En hiver, l'absence de protection permet aux apports du soleil de diminuer les frais de chauffage. La situation est intéressante. Cependant, elle ne le sera que si la régulation de l'installation de chauffage tient compte des apports gratuits et que l'ensoleillement ne crée pas de surchauffe en saison froide. Par contre l'éblouissement dû au soleil bas en hiver ne peut être résolu par cette disposition. Pour limiter celui-ci, une protection légère intérieure (rideaux) peut être associée à une protection fixe.

En mi-saison

En mi-saison, on voit que l'ensoleillement des locaux sera le même au printemps qu'en automne, alors que les besoins sont différents. En effet, au mois de septembre, la température moyenne en journée est d'environ 18°C. L'ensoleillement peut dans ce cas devenir source de surchauffe. Au mois de mars, la température moyenne est de 8°C. Dans ce cas, les apports du soleil peuvent être les bienvenus.

Cas particulier : la végétation

La végétation à feuilles caduques apporte une protection qui est naturellement variable. En été, le feuillage apporte un ombrage aux fenêtres et en hiver, la chute des feuilles fait profiter les locaux des apports gratuits du soleil.

Les protections permanentes

Le système est fixe et le degré de protection est constant quelle que soit l'heure et la saison.

Exemple : les films collés contre le vitrage, les vitrages spéciaux (réfléchissants et/ou absorbants).

Sous nos latitudes, la probabilité d'ensoleillement est inférieure à 20 % en hiver (moins d'un jour sur cinq) et à 50 % en été (moins de un jour sur deux).
Une protection relativement efficace en été est inconciliable avec la valorisation de l'éclairage naturel en absence d'ensoleillement et des apports énergétiques gratuits en hiver.
Sauf exception (locaux informatiques où il faut gérer la surchauffe et l'éblouissement), ce type de protection est donc peu recommandable dans nos régions.

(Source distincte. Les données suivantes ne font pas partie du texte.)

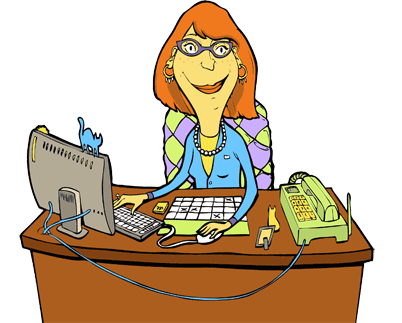 Free Busy Secretary Cliparts, Download Free Clip Art, Free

Conscients de ce problème, les fabricants de vitrages ont développé des nouveaux vitrages présentant une protection contre l'énergie solaire correcte (FS = 0,39) et une transmission lumineuse qui se rapproche de celle des doubles vitrages clairs (TL = 0,71).

Signalons également que des vitrages anti-solaires dont les caractéristiques de protection peuvent varier automatiquement en fonction des besoins sont actuellement développés par les grands fabricants. Ils ne sont malheureusement pas encore disponibles sur le marché.